Here is a list of the soaps I tried.  I’ve included the bottle size, the price at my stores, and how long they lasted for me.  I cook a lot and don’t have a dishwasher, so I rely on dish soap for all of my dish-cleaning needs.  Your results will vary depending on how many dishes you wash, how often you wash them, and how liberally you use the soap (obviously).    I then calculated how much I’d have to spend a year with each particular brand.  Lastly, I figured out how many bottles I’d toss out in a year’s time.

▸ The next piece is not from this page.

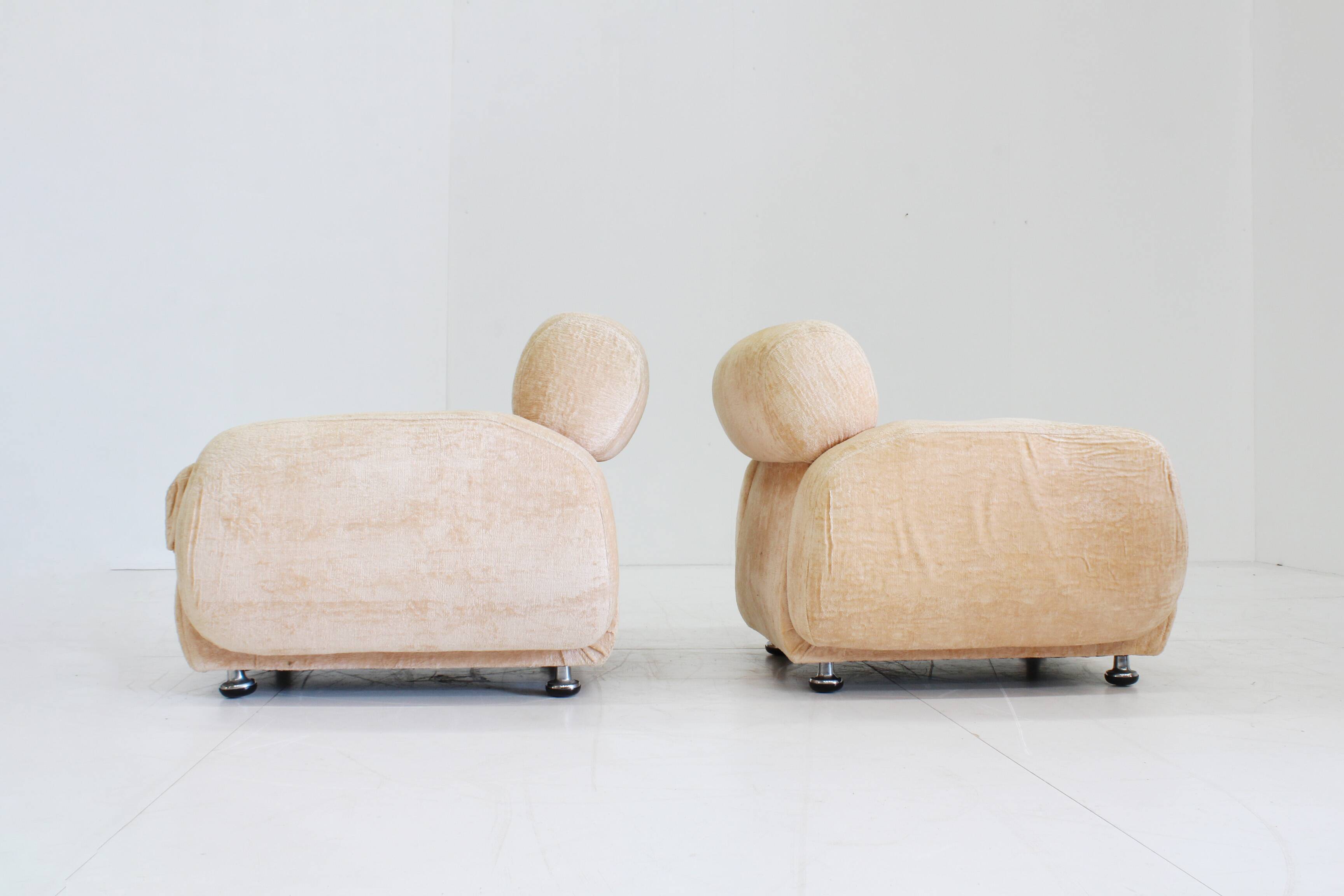 Vintage Italian armchairs 1970s , set of 2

Dish soap Size of bottle Cost per bottle Cost
er ounce
How long it lasts Cost per year Bottles per year
Bulk 25 oz. $3.10 $.124 7 weeks $23.02 0
Generic 25 oz. $1.50 $.06 19 weeks $4.11 2.7
Planet 25 oz. $2.99 $.119 11 weeks $14.13 4.7
Trader Joe’s 25 oz. $2.50 $.10 8 weeks $16.25 6.5
Biokleen 32 oz. $4.79 $.149 6 weeks $41.51 8.7
Ultra Dishmate 25 oz. $3.59 $.144 6 weeks $31.11 8.7
7th Generation 25 oz. $3.29 $.132 6 weeks $28.51 8.7

After all this experimenting, I never came up with the perfect solution to my dish soap dilemma.  But here are three possible conclusions to my year-long dishwashing odyssey: 

  1.  Use bulk dish soap.  One of my neighborhood stores, New Seasons, sells “eco-friendly” dish soap in bulk, so I can go in and refill the same bottle again and again.  The upside is, I would never have to recycle another plastic bottle.  The downside is, I went through 25 ounces in seven weeks, so I’d be using much more “eco-friendly” soap than conventional soap.  If there’s no clear environmental advantage to “eco-friendly” soap, as I discussed on Friday, then this is not a great solution for the planet.  It would also cost me five times as much as generic soap and take more effort.

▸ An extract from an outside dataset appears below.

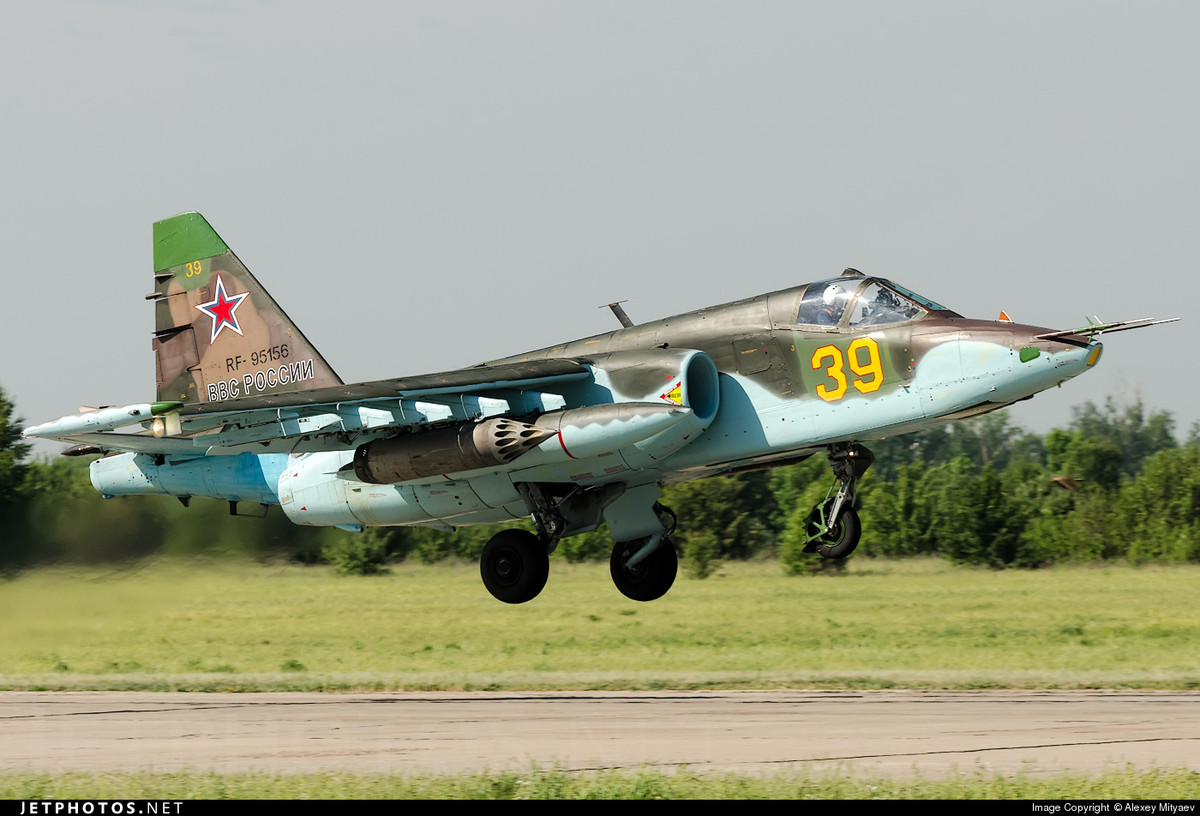 Không chỉ riêng mẫu tiêm kích trên, Không quân Ukraine còn mất đi một chiếc cường kích Su-25 của mình do bị hệ thống phòng không tên lửa Nga bắn hạ, đây là một vũ khí chống tăng cực kỳ hiệu quả từ thời Liên Xô cũ. Nguồn ảnh: airliners.net.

2. Use Planet.  If you don’t have bulk dish soap available to you, the second best green bargain is Planet dishwashing liquid, which lasted over ten weeks–the most concentrated of all the eco-friendly soaps I tried.  It still doesn’t last as long as conventional dishwashing liquid, so you’ll spend more and go through more plastic bottles than you would with the generic kind.

  1. 3. Just use regular old conventional dish soap.  A 25-ounce bottle lasted almost twice as long as my eco-pick, Planet.  With environmental disadvantages to both plant-based and petroleum-based soaps, it wouldn’t be terrible to choose the soap that’s the most concentrated and creates the least amount of waste.  Many mainstream dish soaps are phosphate-free–check the labels.  Plus, it’s the cheapest option by far.  Generic soap would cost me just over $4.00 a year.  Compare that to Biokleen, which would cost ten times as much and waste almost three times as many plastic bottles.

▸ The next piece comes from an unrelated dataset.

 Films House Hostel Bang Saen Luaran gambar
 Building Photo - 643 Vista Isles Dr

A few months ago I found sustainable laundry detergent that worked well and even cost less than regular brands.  Why is it so hard to find dishwashing liquid that does the same?  What are your experiences with eco-friendly soaps?  Did I miss a great one in my review?

I never found the perfect dish soap that works for me, but I did come up with three options that might be better for the Earth without putting a huge dent in my budget.  For more tips, head on over to Rocks in My Dryer.

This Friday I’ll discuss some alternatives to liquid dish soap that will keep your dishes sparkling and the environment somewhat content.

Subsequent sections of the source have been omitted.